All my data is in SQL Server now (from the tutorial), and all I want to do is query this table to get summary using the rxSummary
scaleR function (in-database).
This is my attempt:
exec sp_execute_external_script
@language = N'R',
@script = N'
sumOut <- rxSummary(
formula = ~gender + balance + numTrans + numIntlTrans + creditLine,
data = ccFraud
)
',
@input_data_1 = N'select * from [DeepDive].[db_datareader].[ccFraudSmall]',
@input_data_1_name = N'ccFraud',
@output_data_1_name = N'summary'
with result sets ((summary varchar(max) not null));
But this throws an error:
STDOUT message(s) from external script: Rows Read: 10000, Total Rows Processed: 10000, Total Chunk Time: Less than .001 seconds Computation time: 0.000 seconds. Msg 11536, Level 16, State 1, Line 5 EXECUTE statement failed because its WITH RESULT SETS clause specified 1 result set(s), but the statement only sent 0 result set(s) at run time.

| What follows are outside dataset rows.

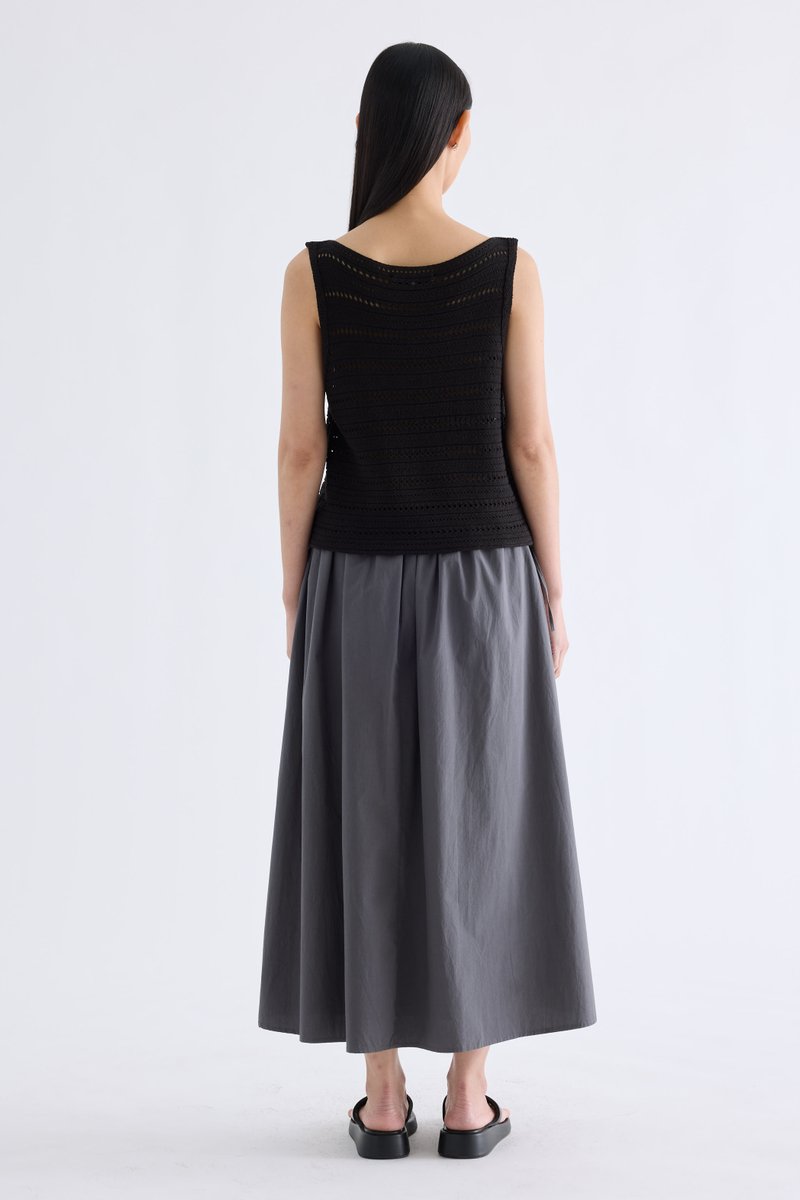 Amaris Crotchet Knit Tank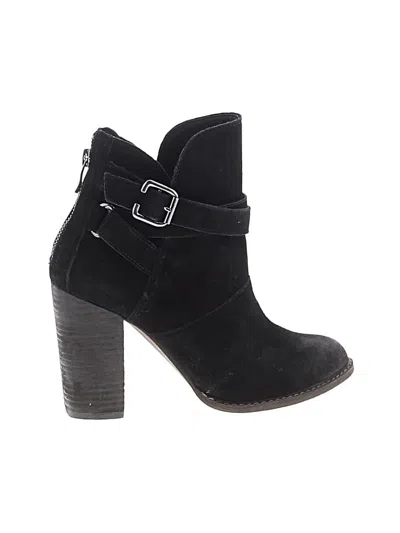 Pre-owned Chinese Laundry Ankle Boots In Black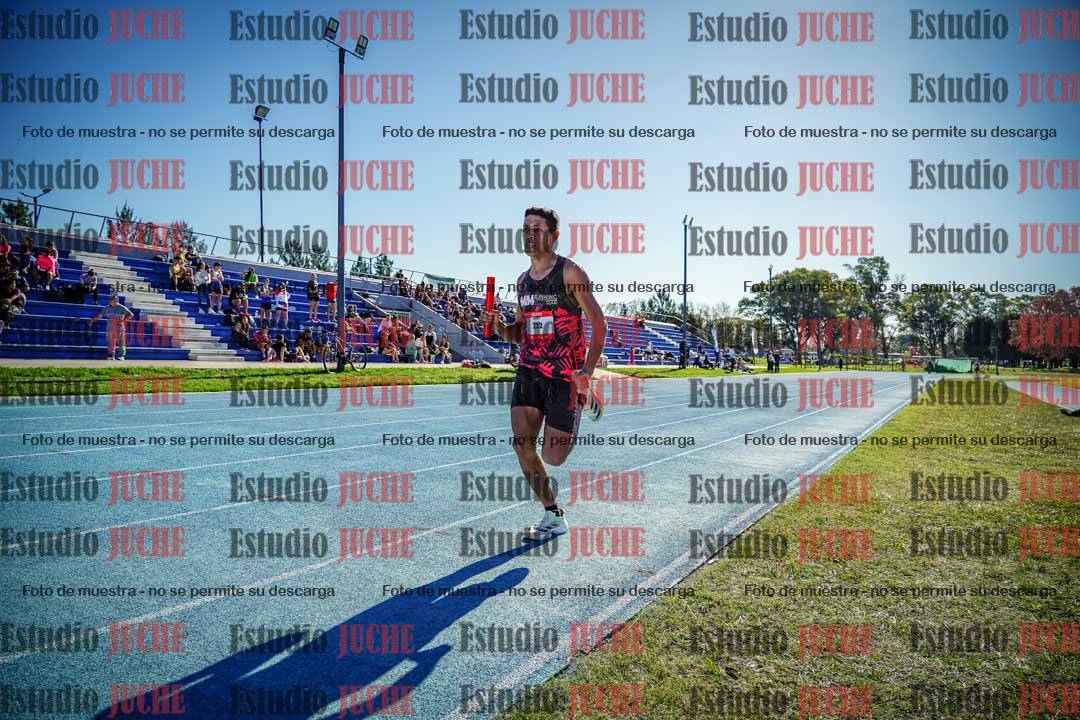 Fotos durante los relevos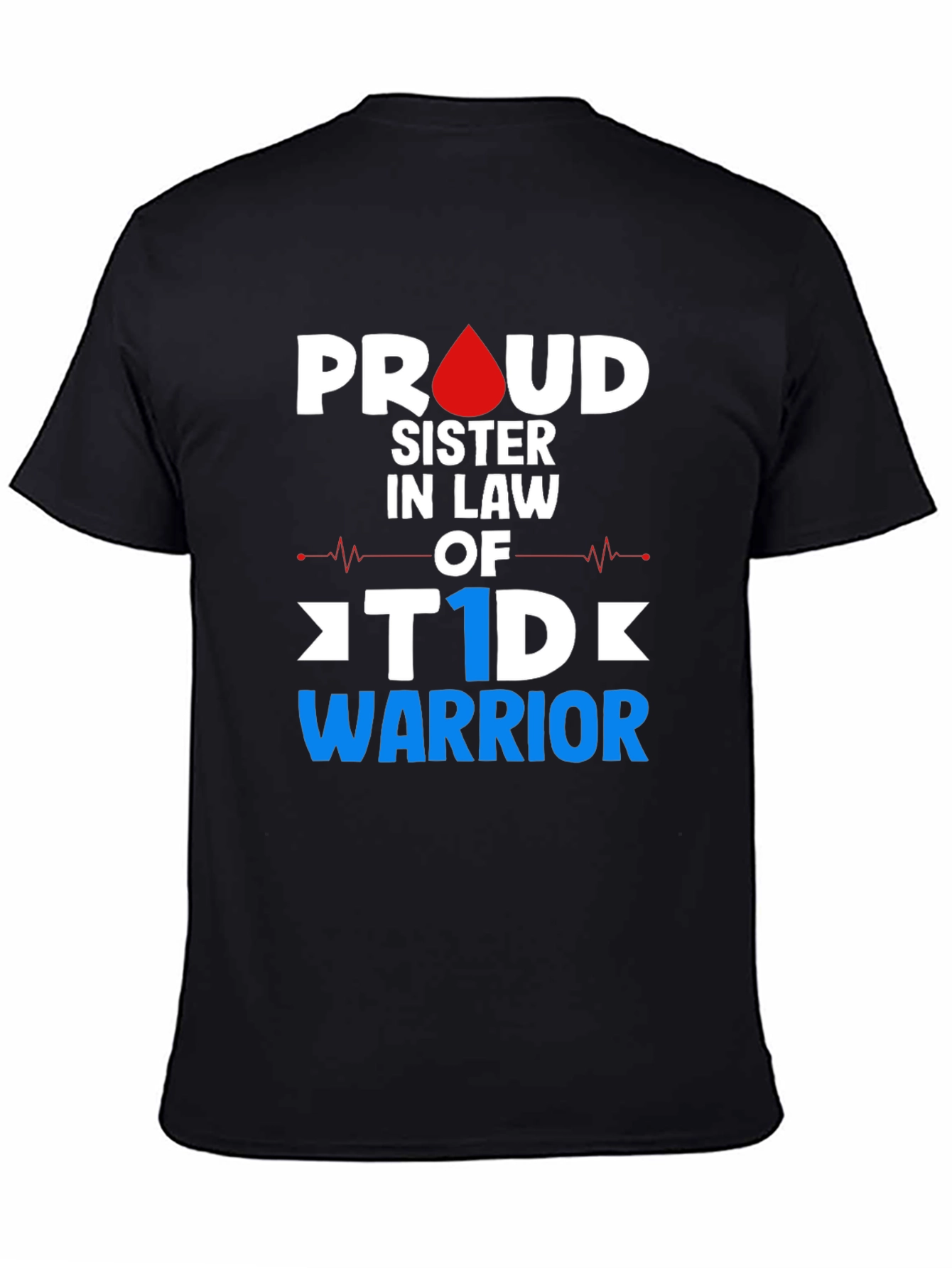 Camiseta Hermana de Guerrero T1D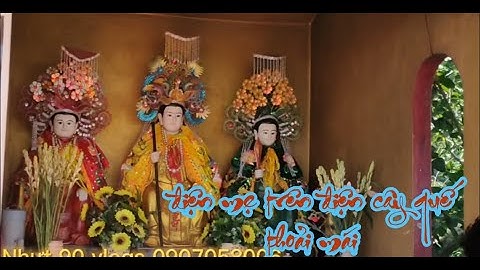 Một nơi thanh tịnh trên điện cây quế núi thiên cấm sơn An Giang !!!!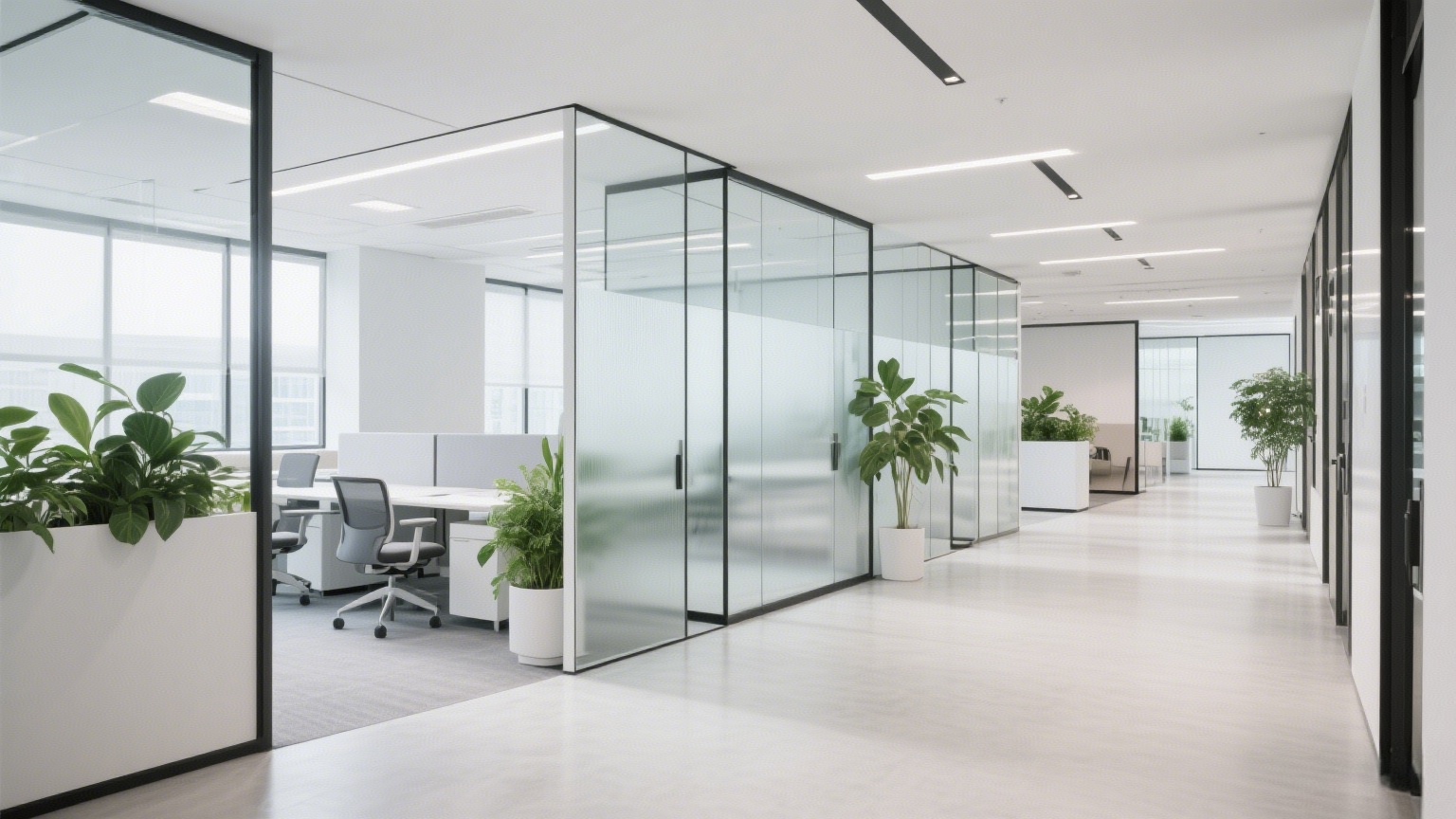 從協作到專注：靈活辦公空間的模塊化裝修解決方案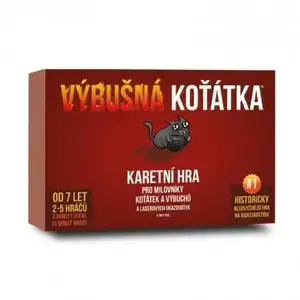 ADC Blackfire Výbušná koťátka karetní hra obraz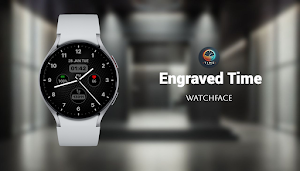 Engraved Time - watch face Screenshot 0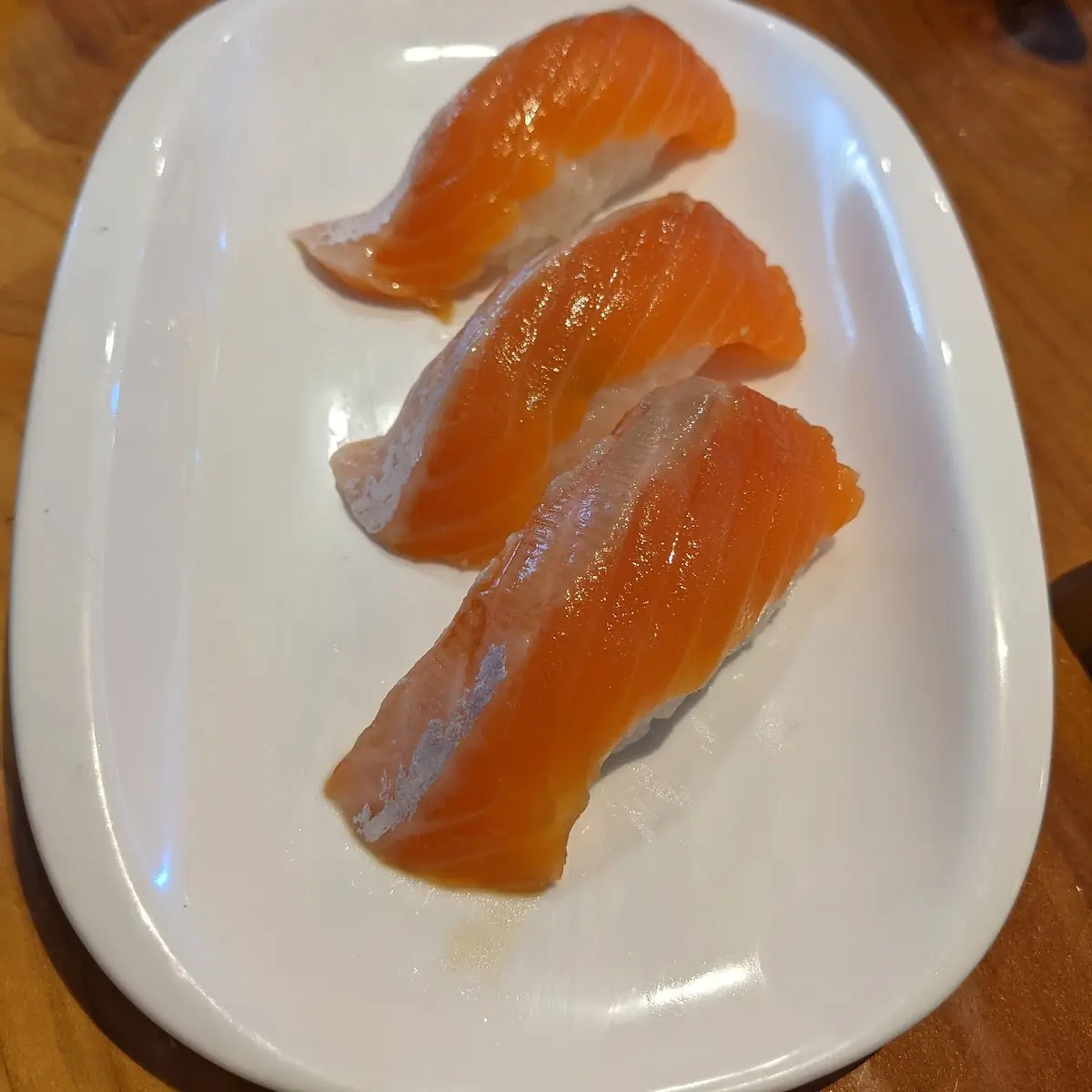 Salmon Sashimi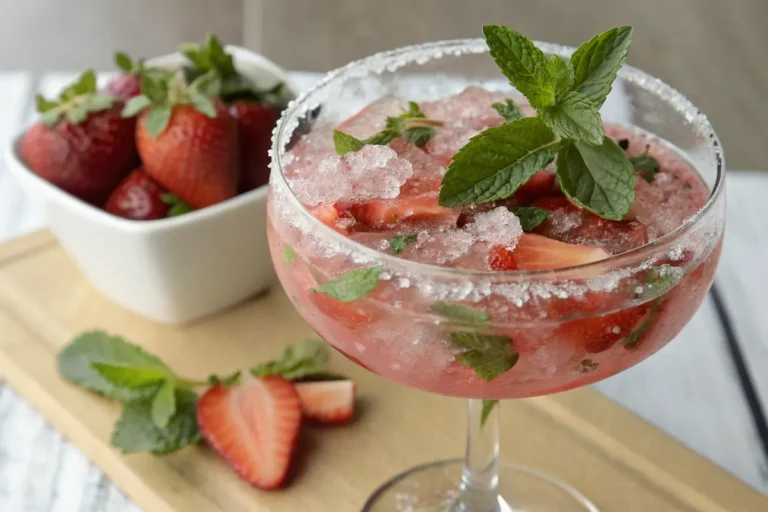 virgin mojito fraise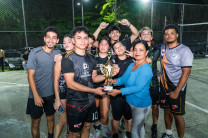 Los subcampeones Tele Vieja de la FIE.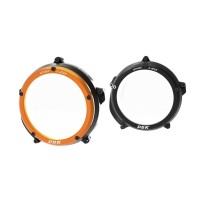 CUBIERTA DE EMBRAGUE TRANSPARENTE LED DBK EVO KTM SUPER DUKE 1290 GT / R / RR 2016-2024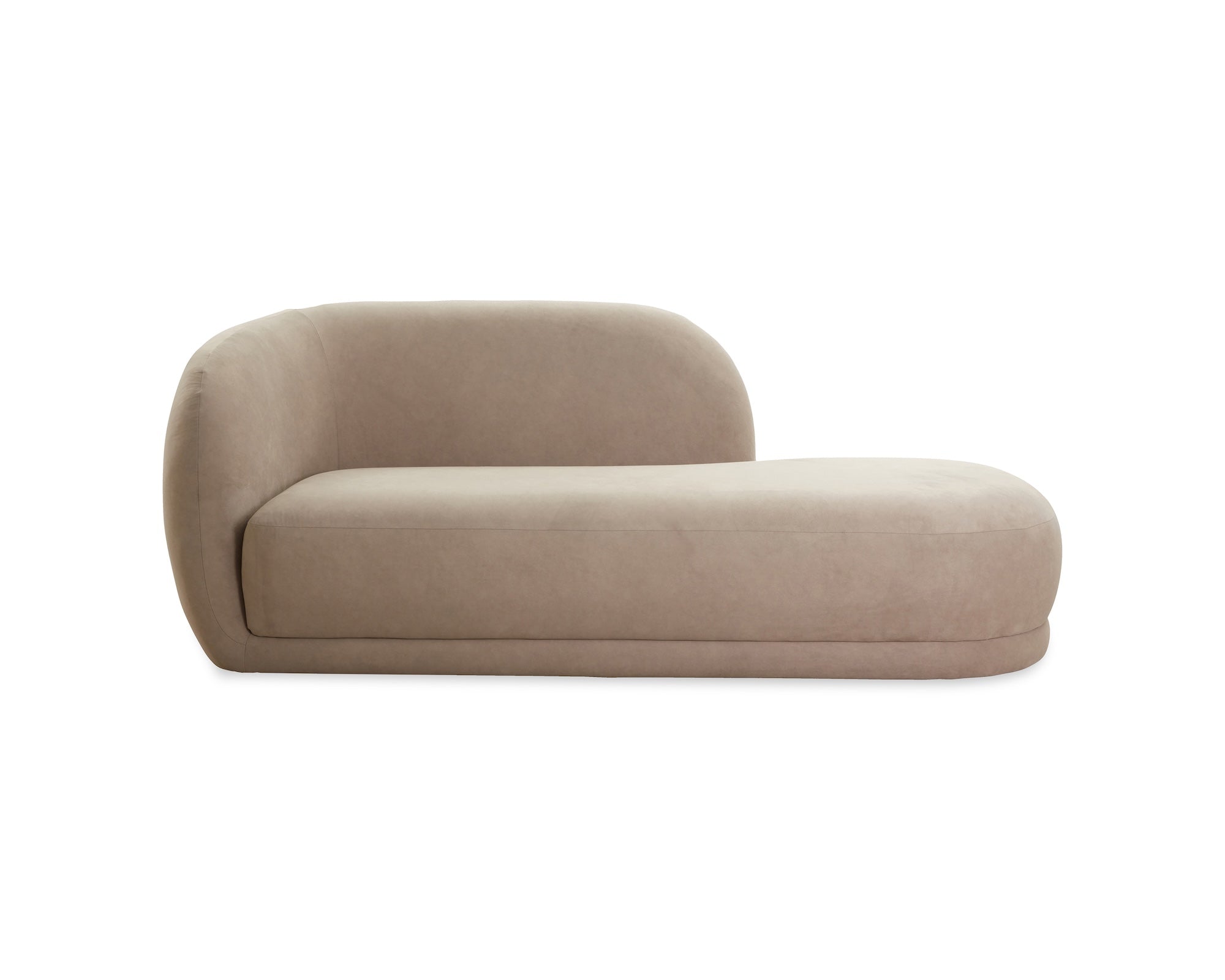 Curva Chaise (Crib 5) Sofa - Hopper Taupe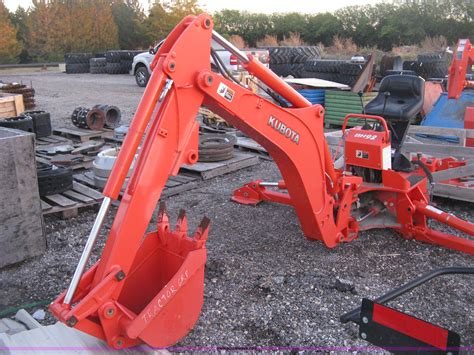 Kubota BH92 backhoe attachment in Hesston, KS | Item H4494 sold ...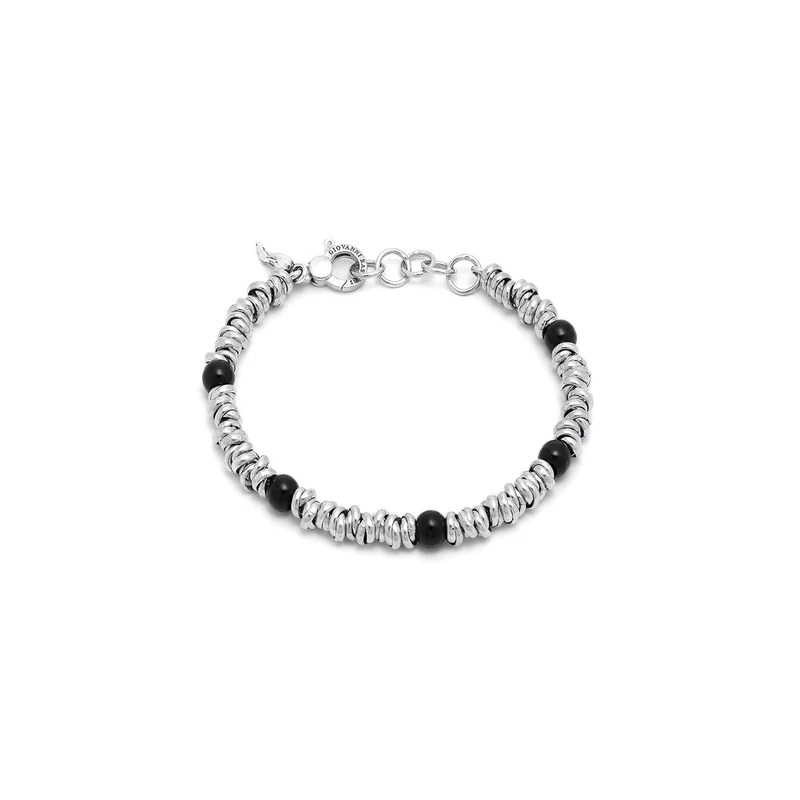 Giovanni Raspini Bracciale Nodini e Onice 11650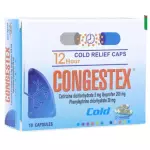 Congestex Gripa en Cápsula Caja x 10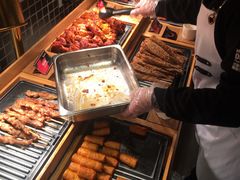 自助取餐区-比格比萨自助(宋家庄店)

Any idea how to deal with this?
Am I missing a step?
In your example, there is a mismatch between the R script and SQL parameter definitions. The output_data_1_name
parameter value specifies the name of the R dataframe that is being returned from R to SQL Server. But there is no value assigned to summary
in the R script. Hence you are getting a 0 results error. See sp_execute_external_script document for description and example.
If you are just trying to display the summary as messages, then you can add print(sumOut)
to the R script.
If you want to return data to SQL Server, you would need to build an R dataframe and assign to the output_1_data
.